World Lit week 7: getting Romantic
This week you’ll be sampling a variety of writers working in verse, spanning the 19th century. Among them are great representatives of the Romantic tradition, as well as pre-Modern writers who were beginning to react to that tradition in very interesting ways, sometimes rejecting some or all of its key tenets.
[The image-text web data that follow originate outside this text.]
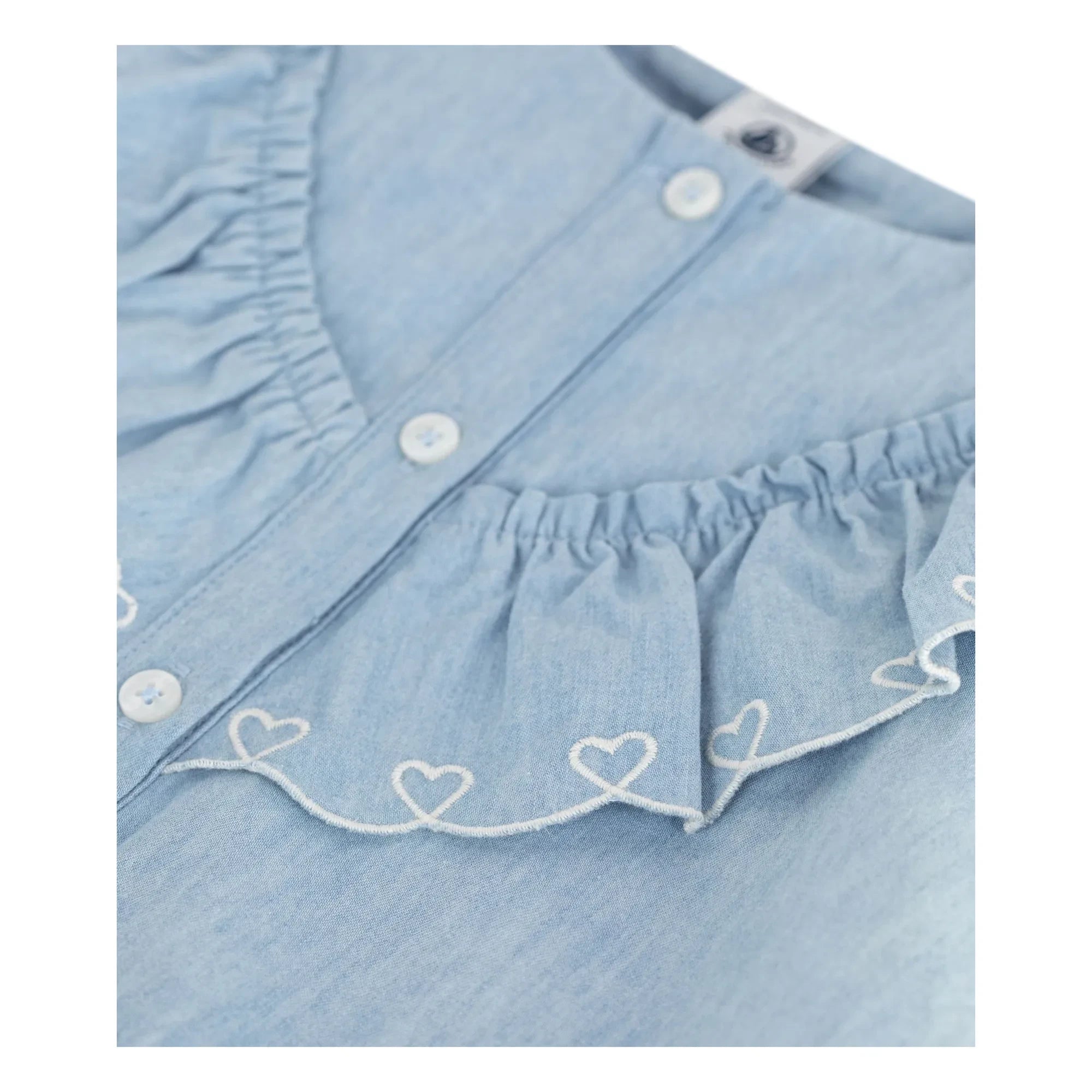 Petit Bateau - Gerüschte Bluse Chambray Bio-Baumwolle | Hellblau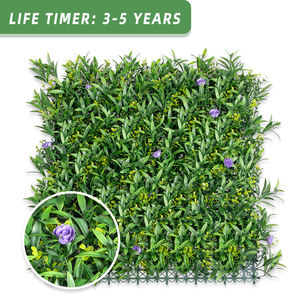 P242 حديقة الديكور في الهواء الطلق لمسة حقيقية البلاستيك فو لوحة النباتات الخضراء الاصطناعية ورقة الأوكالبتوس والأرجواني جدار روز - Product Image 4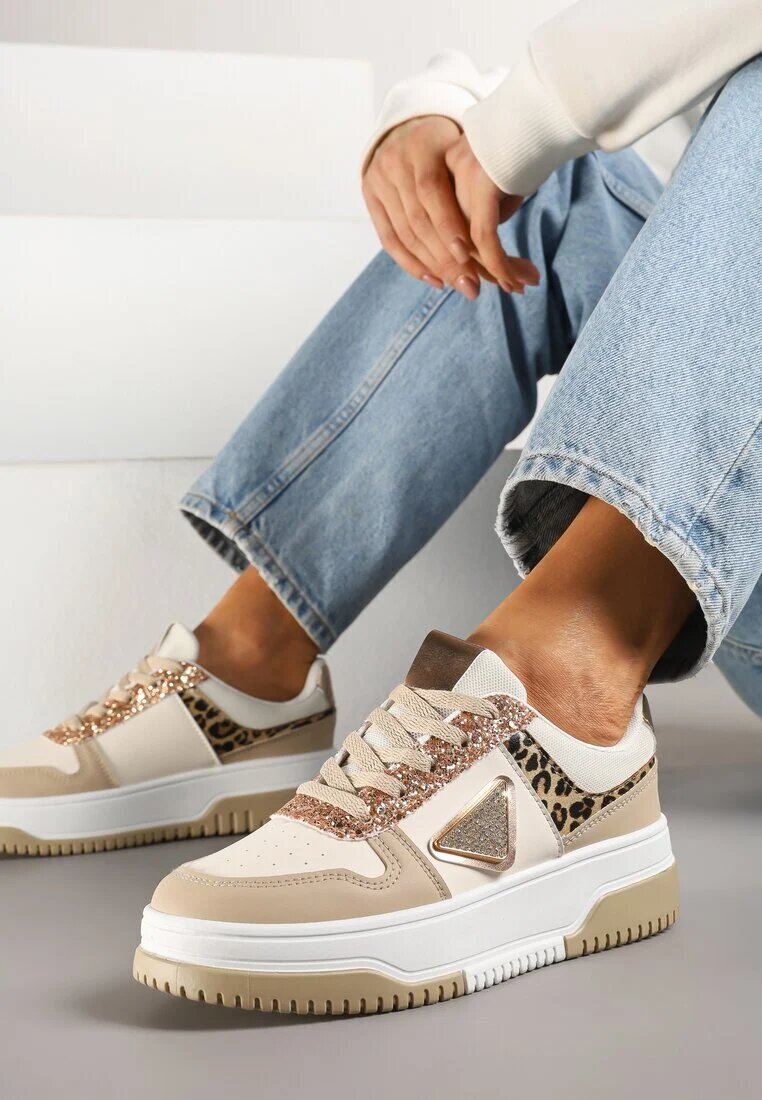 renda Sneakers bej închis Decorați cu sclipici zirconii și perforații Tillitara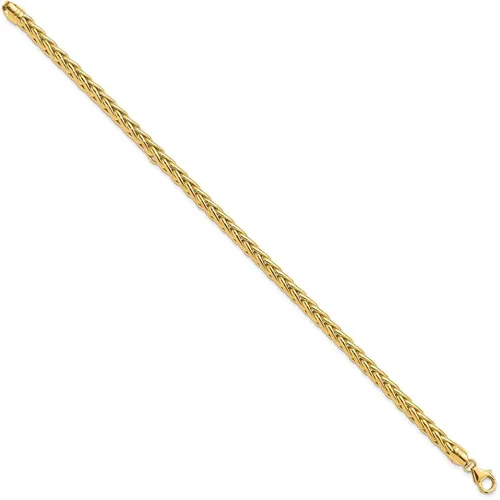 Vista 2 de Pulsera de cadena de trigo pulida de 14 quilates, 8.3in, 8.3in, 0.197in, estilo GB240-8.5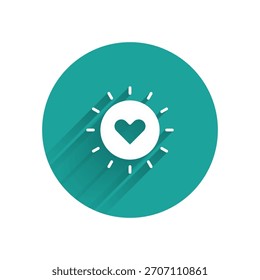 White Sun icon isolated with long shadow. Green circle button. Vector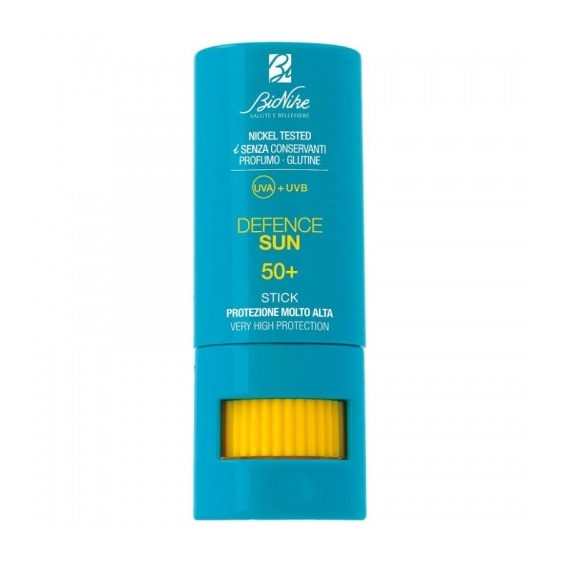 Bionike Crema Solare Viso 50+ SPF Stick Per Zone Sensibili Defence Sun Protezione Molto Alta 9 Ml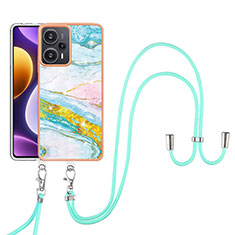 Coque Silicone Motif Fantaisie Souple Couleur Unie Etui Housse avec Laniere Strap YB5 pour Xiaomi Redmi Note 12 Turbo 5G Colorful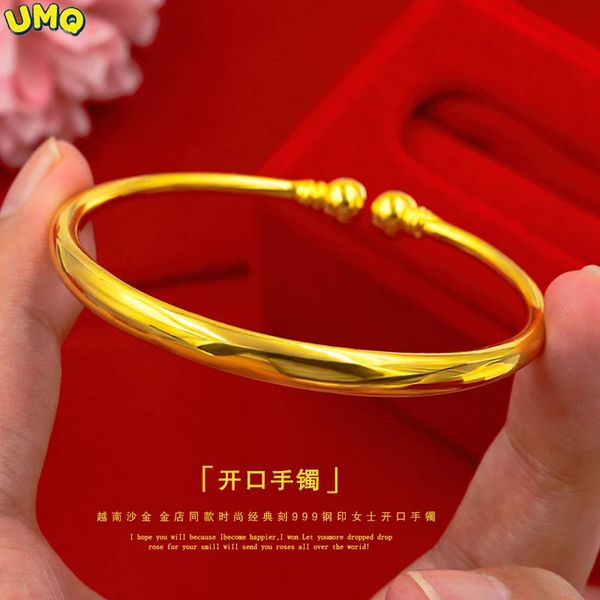 Umq gravado 999 areia pulseira de ouro feminino aberto brilhante clássico em todo o céu estrela vietnã imitação de jóias de ouro 240118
You’ll also dip into a few writers working completely outside that tradition — such as the Indian poet, Ghalib.
In order to tackle this week’s discussion, you’ll need to have finished viewing the Week 7 Viewing, and compiled your list of Romantic traits from the BBC documentary as well as the intro in your text.
Here’s what to do:
- List the characteristic of Romanticism you’ve identified from the text and the BBC documentary we watched.
- Choose three of the poets we’ve read and explain how those traits apply (or don’t apply) to his/her work. You might find some poems have elements of Romanticism, but break away from the movement in other ways.
- Be sure to provide specific quotations from the poems you’ve selected to support your analysis.
As always, your initial post, and your responses, need to be substantive.
Reading List:
Textbook: The Nortons Anthology of World Literature
“Lyric Poetry in the Nineteenth Century” (574-577)
“William Blake” (577-581)
From Songs of Innocence (beg. 582)
“Introduction”, “The Lamb”, “The Chimney Sweeper”
From Songs of Experience (beg. 585)
“Introduction”, “Earth’s Answer”, “The Tyger”, “London”, “The Chimney Sweeper”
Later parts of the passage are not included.